◆ **EXERCISE GOAL**: Reproduce every line of the material below exactly. No pictures belong in the copy.

□ □ □ □ □ □ □

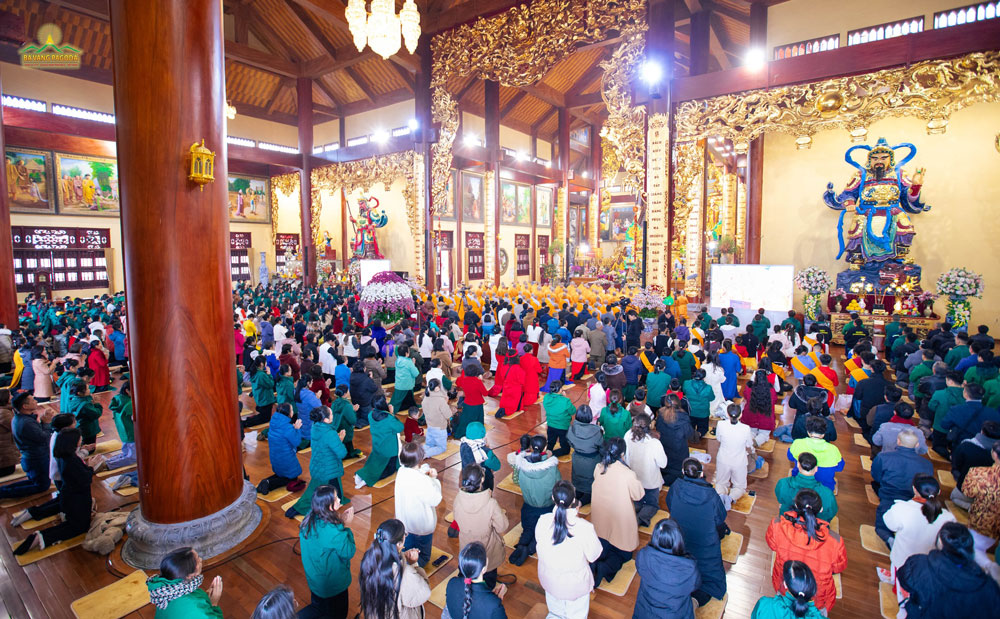 The fourfold assembly of Ba Vang Pagoda gathered at the Main Hall to offer words of gratitude to Thay Thich Truc Thai Minh on the occasion of the new year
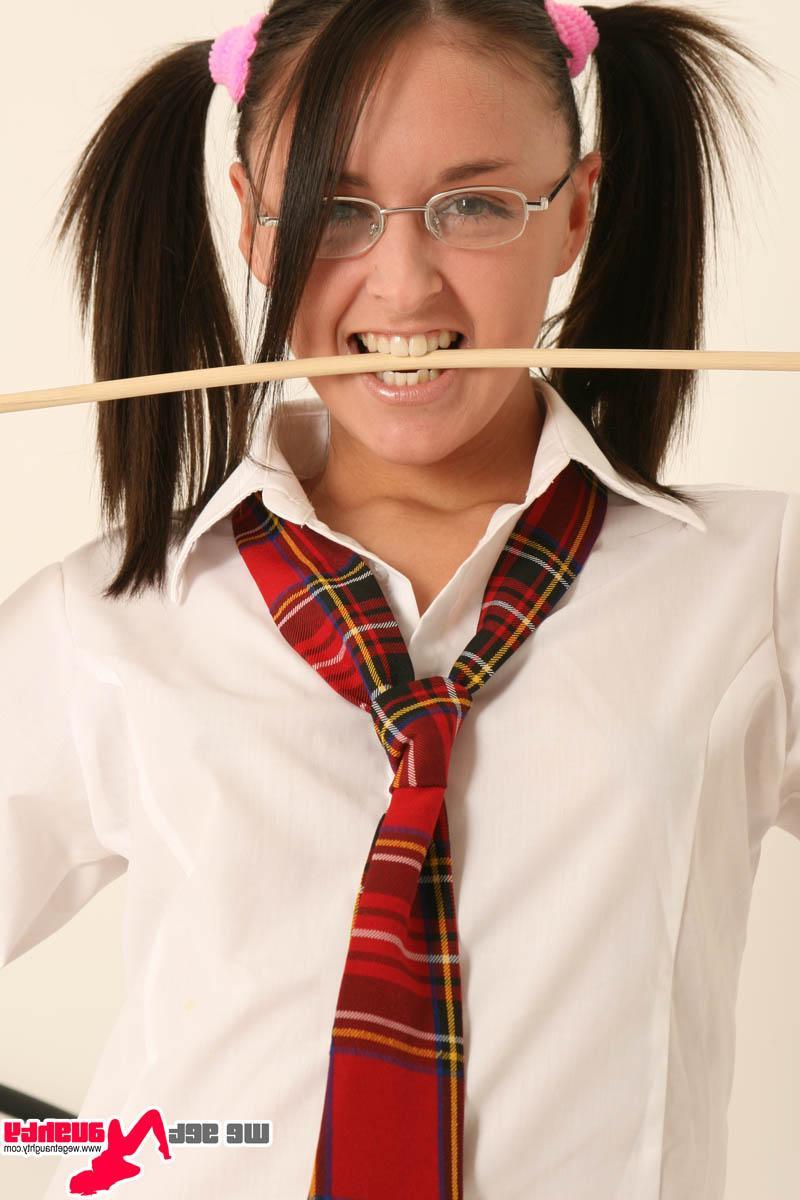 15P Pictures of a schoolgirl getting naked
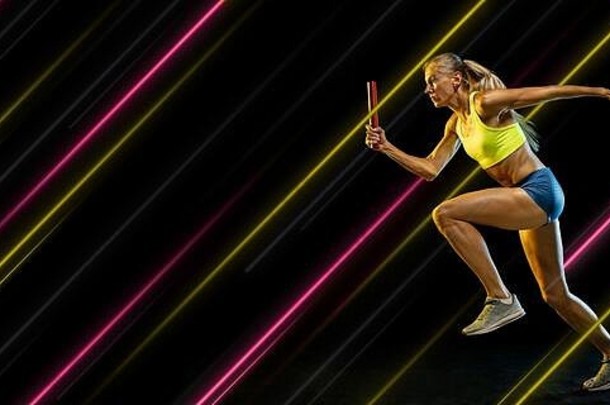 有创意的体育运动霓虹灯行黑暗背景摩天观景轮建议女跑步者球员培训行动运动概念爱好健康的生活方式青年行动运动现代风格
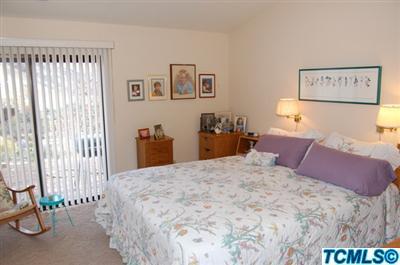 40649 Crystal Drive Three Rivers, CA 93271 - Photo 8 of 10 master bedroom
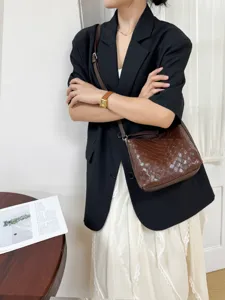 Stylish women's woven leather crossbody bag, elegant single shoulder bucket handbag daily use.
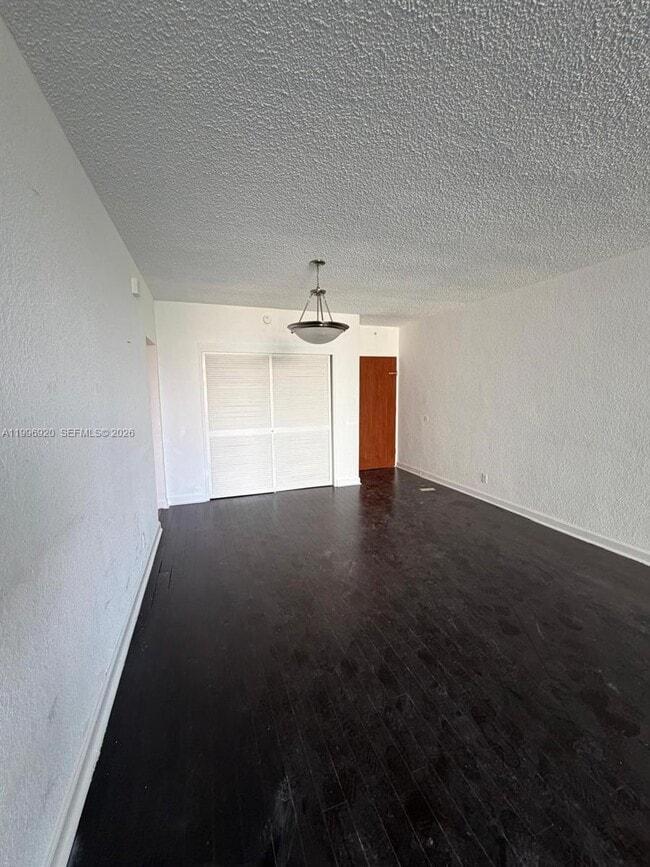 Building Photo - 4001 S Ocean Dr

□ □ □ □ □ □ □

◆ **ANSWER SPACE**:
 The fourfold assembly of Ba Vang Pagoda gathered at the Main Hall to offer words of gratitude to Thay Thich Truc Thai Minh on the occasion of the new year
 15P Pictures of a schoolgirl getting naked
 有创意的体育运动霓虹灯行黑暗背景摩天观景轮建议女跑步者球员培训行动运动概念爱好健康的生活方式青年行动运动现代风格
 40649 Crystal Drive Three Rivers, CA 93271 - Photo 8 of 10 master bedroom
 Stylish women's woven leather crossbody bag, elegant single shoulder bucket handbag daily use.
 Building Photo - 4001 S Ocean Dr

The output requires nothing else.